**PROBLEM TO SOLVE**: Please make sure what you return matches the listing below exactly, minus its pictures.

....

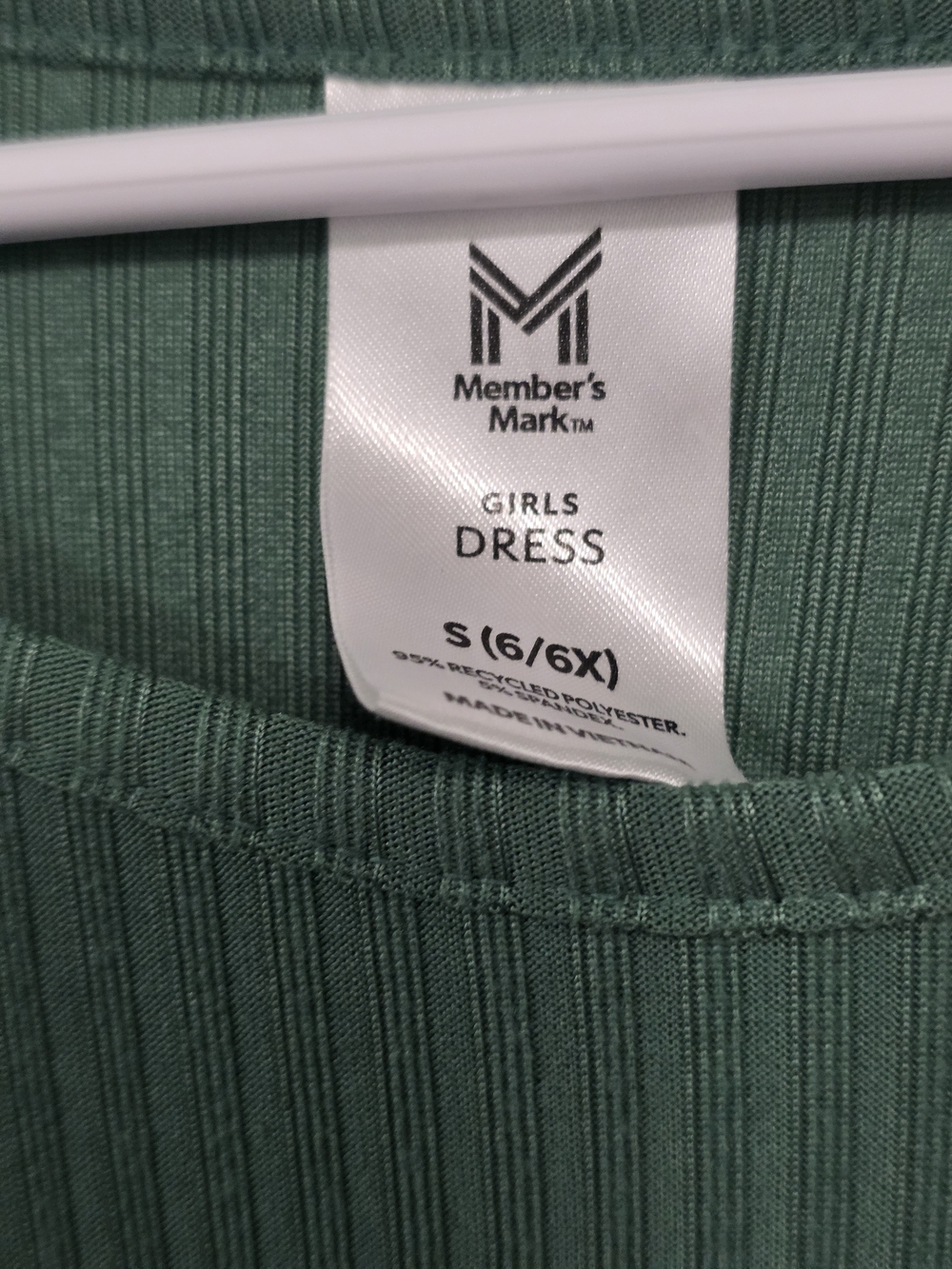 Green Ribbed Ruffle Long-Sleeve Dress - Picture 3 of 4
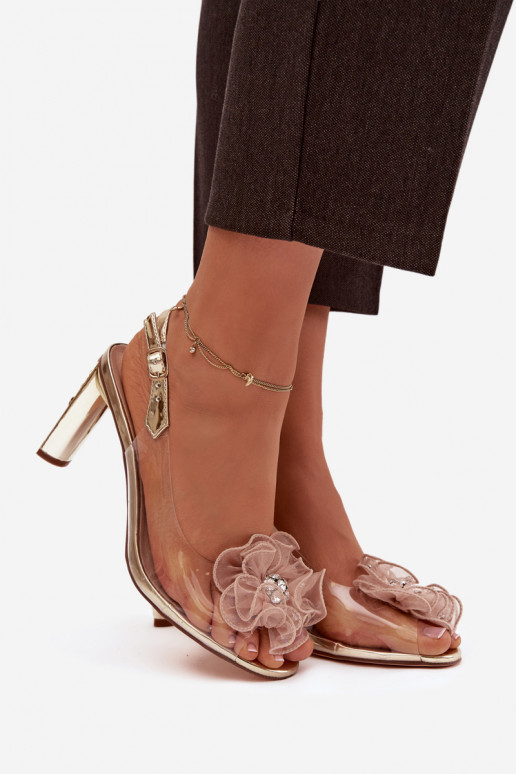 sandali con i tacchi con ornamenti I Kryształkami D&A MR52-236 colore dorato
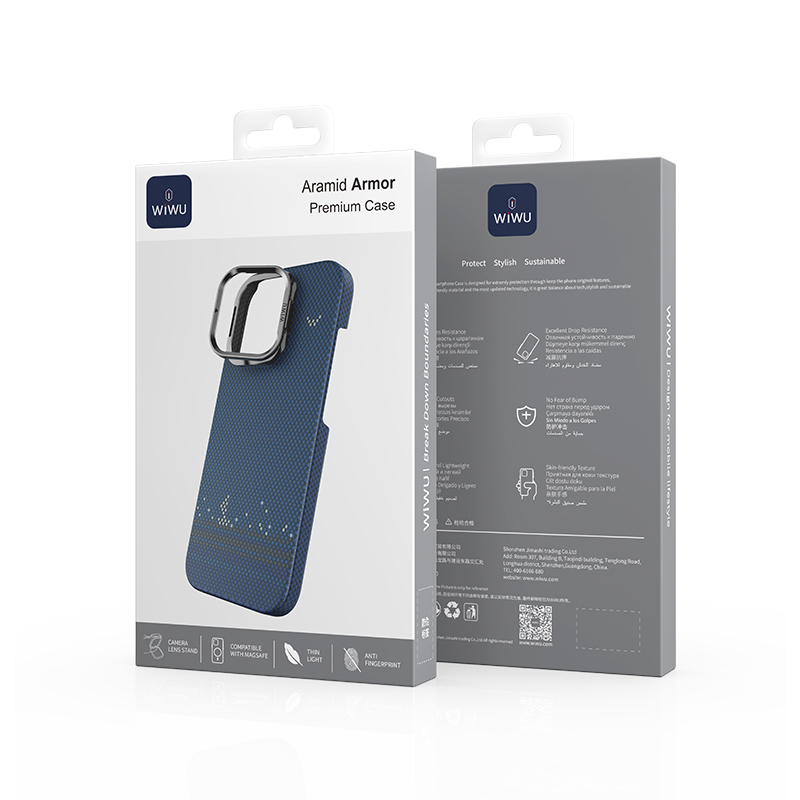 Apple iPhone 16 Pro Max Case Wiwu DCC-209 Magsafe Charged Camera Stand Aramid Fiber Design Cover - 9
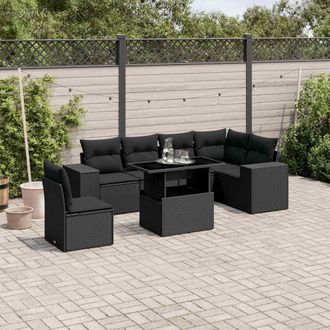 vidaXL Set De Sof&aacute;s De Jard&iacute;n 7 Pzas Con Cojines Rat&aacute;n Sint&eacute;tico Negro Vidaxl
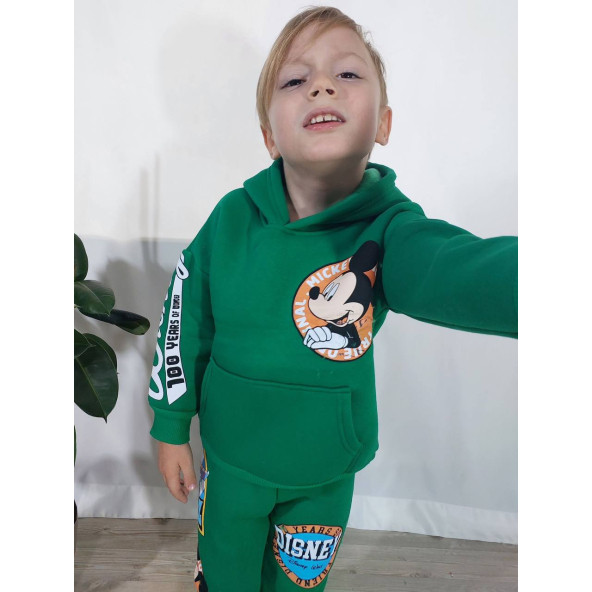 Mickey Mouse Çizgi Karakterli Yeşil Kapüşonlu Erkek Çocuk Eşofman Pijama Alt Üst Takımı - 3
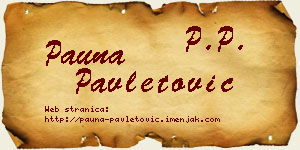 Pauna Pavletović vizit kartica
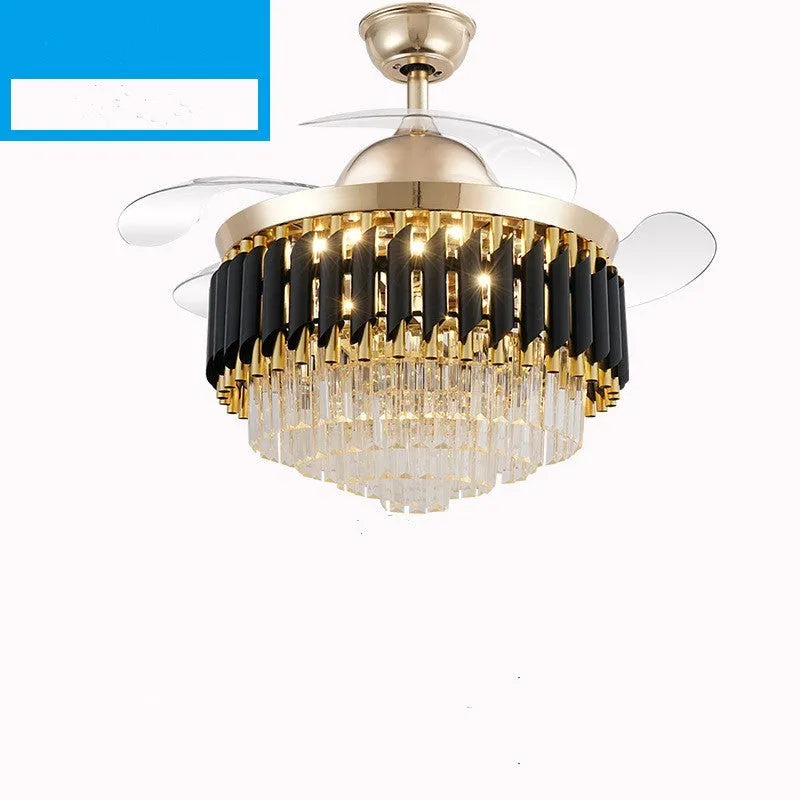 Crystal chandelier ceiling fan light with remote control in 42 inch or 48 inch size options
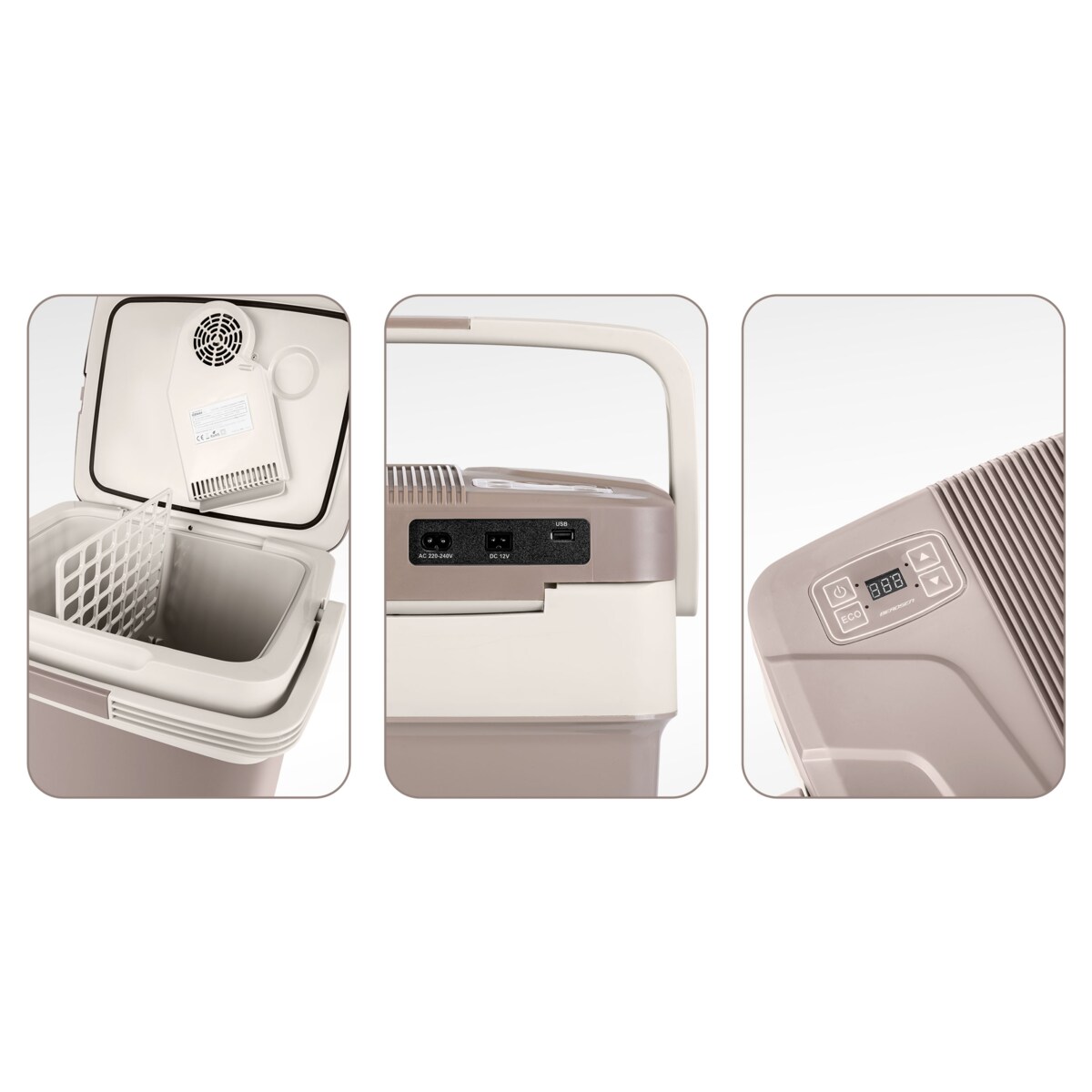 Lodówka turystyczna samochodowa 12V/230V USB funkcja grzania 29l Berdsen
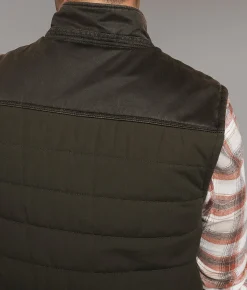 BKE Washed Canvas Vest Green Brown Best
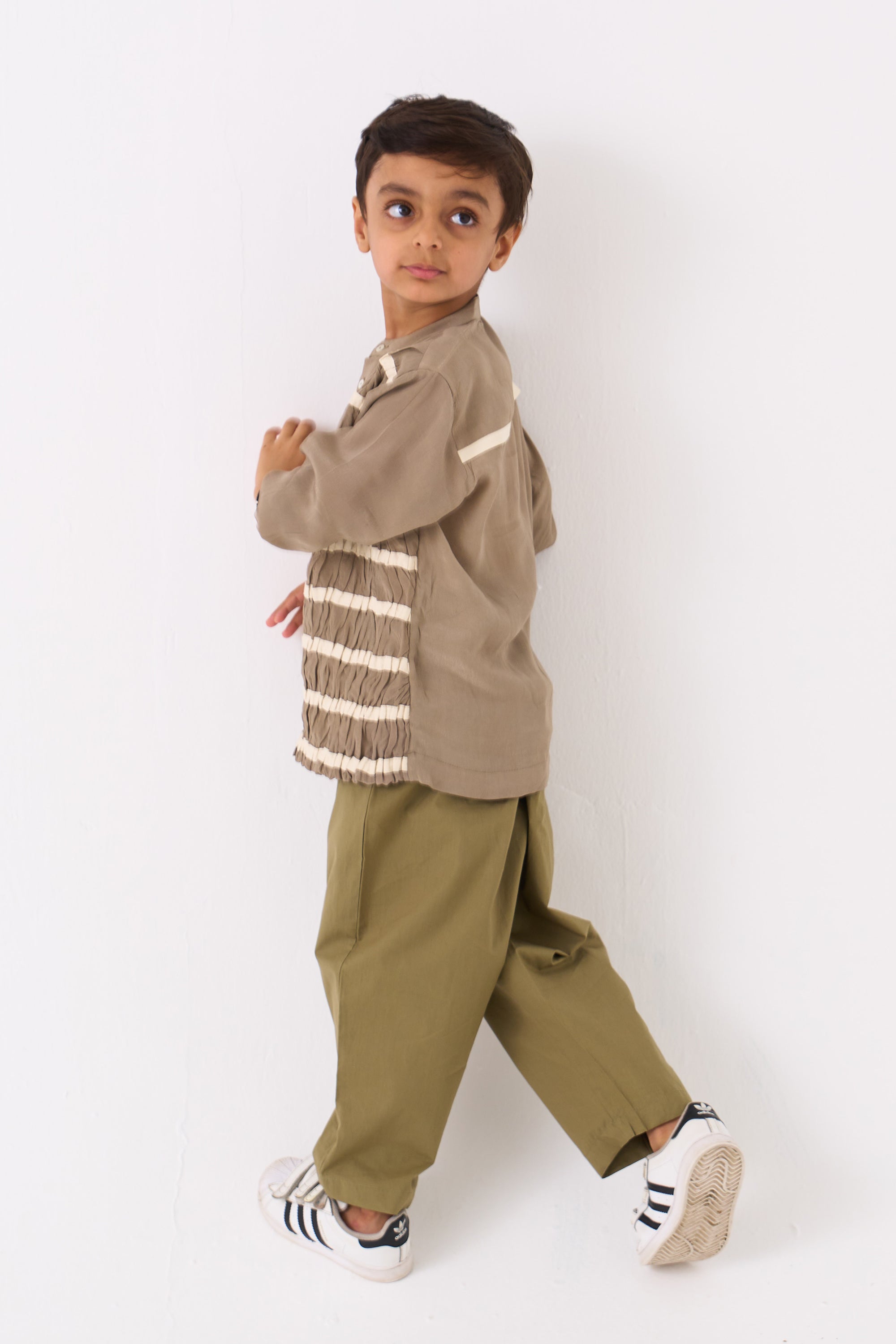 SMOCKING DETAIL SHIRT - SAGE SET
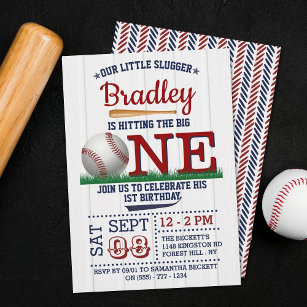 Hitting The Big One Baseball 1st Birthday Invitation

....

**TASK ANSWER**:
 Green Ribbed Ruffle Long-Sleeve Dress - Picture 3 of 4
 sandali con i tacchi con ornamenti I Kryształkami D&A MR52-236 colore dorato
 Apple iPhone 16 Pro Max Case Wiwu DCC-209 Magsafe Charged Camera Stand Aramid Fiber Design Cover - 9
 vidaXL Set De Sof&aacute;s De Jard&iacute;n 7 Pzas Con Cojines Rat&aacute;n Sint&eacute;tico Negro Vidaxl
 Mickey Mouse Çizgi Karakterli Yeşil Kapüşonlu Erkek Çocuk Eşofman Pijama Alt Üst Takımı - 3
 Pauna Pavletović vizit kartica
 Crystal chandelier ceiling fan light with remote control in 42 inch or 48 inch size options
 Lodówka turystyczna samochodowa 12V/230V USB funkcja grzania 29l Berdsen
 BKE Washed Canvas Vest Green Brown Best
 SMOCKING DETAIL SHIRT - SAGE SET
 Hitting The Big One Baseball 1st Birthday Invitation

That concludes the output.